PROBLEM STATEMENT:
Return all the data verbatim but without images.

[Captioned web image data]
↓↓↓

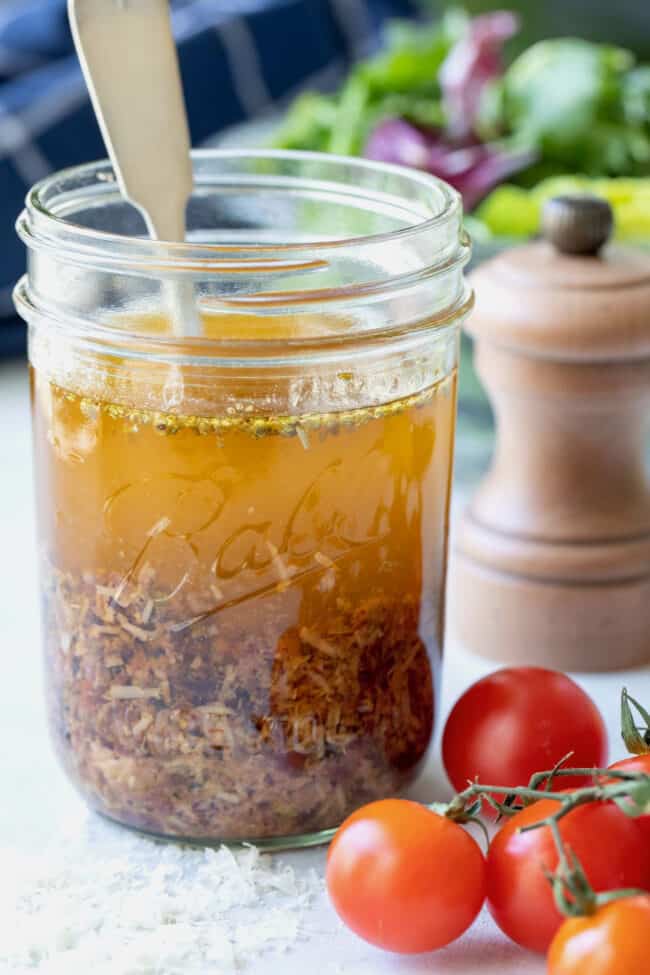 A clear glass mason jar filled with oil, parmesan cheese and seasoning. Cherry tomatoes lay next to the jar with a salad in the background.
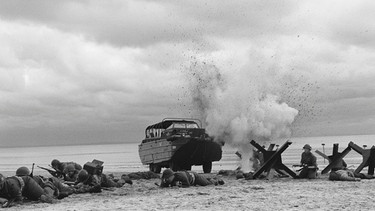 US-amerikanische Soldaten versuchen, von ihrem Amphibien-Landefahrzeug aus den Strand zu überqueren. (Nachgestellte Szene). | Bild: Yap Films Inc./Stephen Trivieri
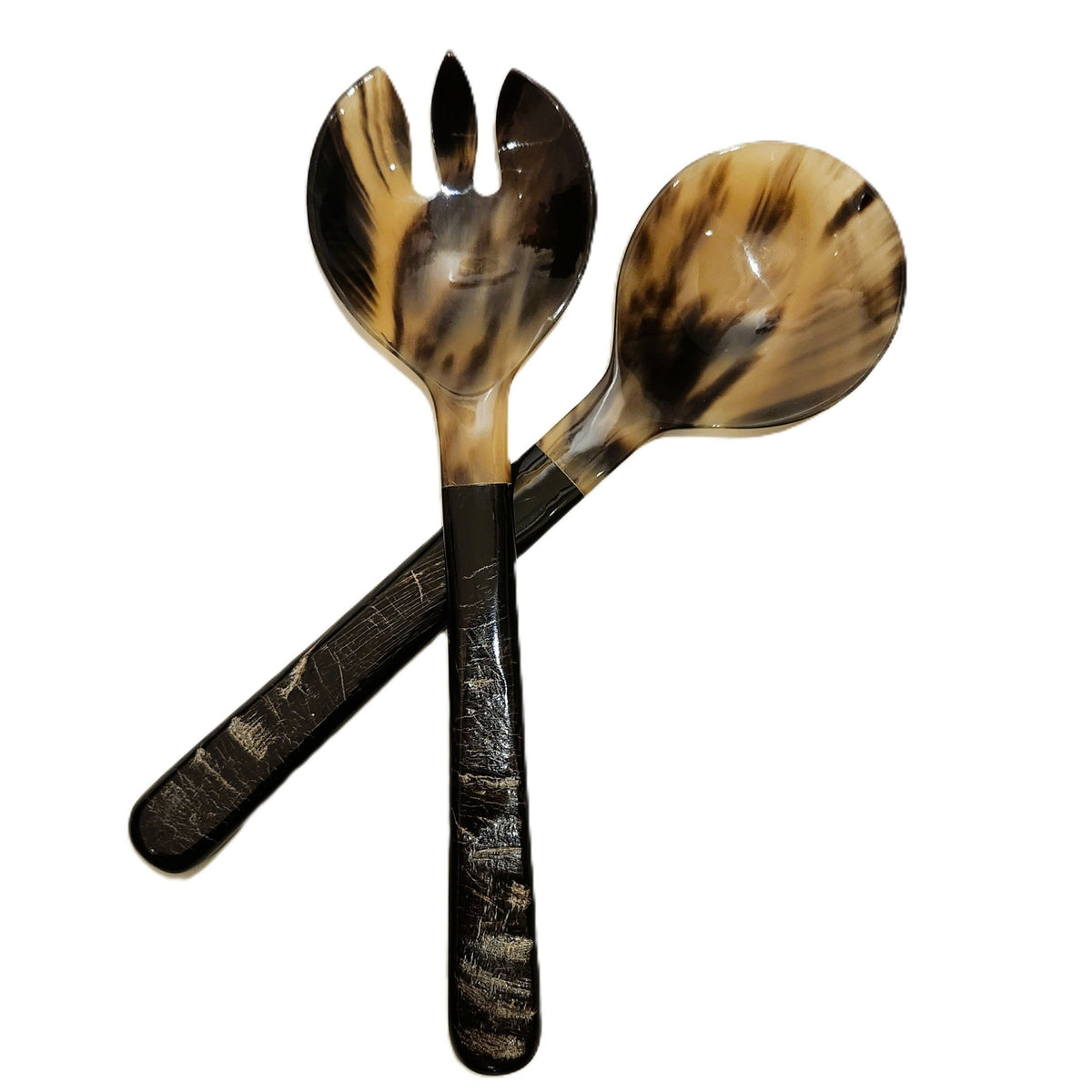 Pair of large horn salad servers with roughly carved horn handles that take on the grain and colour of wood, each pair unique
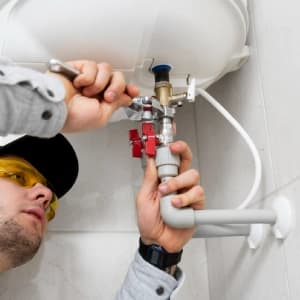 Chauffagiste réalisant une installation de chauffe-eau en Alsace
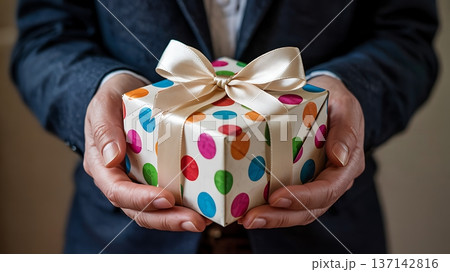 Elegantly Wrapped Colorful Polka Dot Gift Box Held in Well-Manicured Hands 137142816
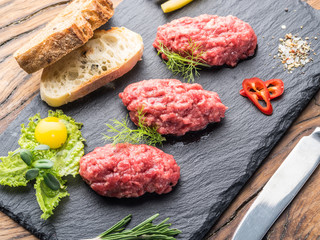 Steak tartare served with capers, pickled cucumbers and chopped onion.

↑↑↑

RESULT FOR THIS TASK:
 A clear glass mason jar filled with oil, parmesan cheese and seasoning. Cherry tomatoes lay next to the jar with a salad in the background.
 US-amerikanische Soldaten versuchen, von ihrem Amphibien-Landefahrzeug aus den Strand zu überqueren. (Nachgestellte Szene). | Bild: Yap Films Inc./Stephen Trivieri
 Pair of large horn salad servers with roughly carved horn handles that take on the grain and colour of wood, each pair unique
 Chauffagiste réalisant une installation de chauffe-eau en Alsace
 Elegantly Wrapped Colorful Polka Dot Gift Box Held in Well-Manicured Hands 137142816
 Steak tartare served with capers, pickled cucumbers and chopped onion.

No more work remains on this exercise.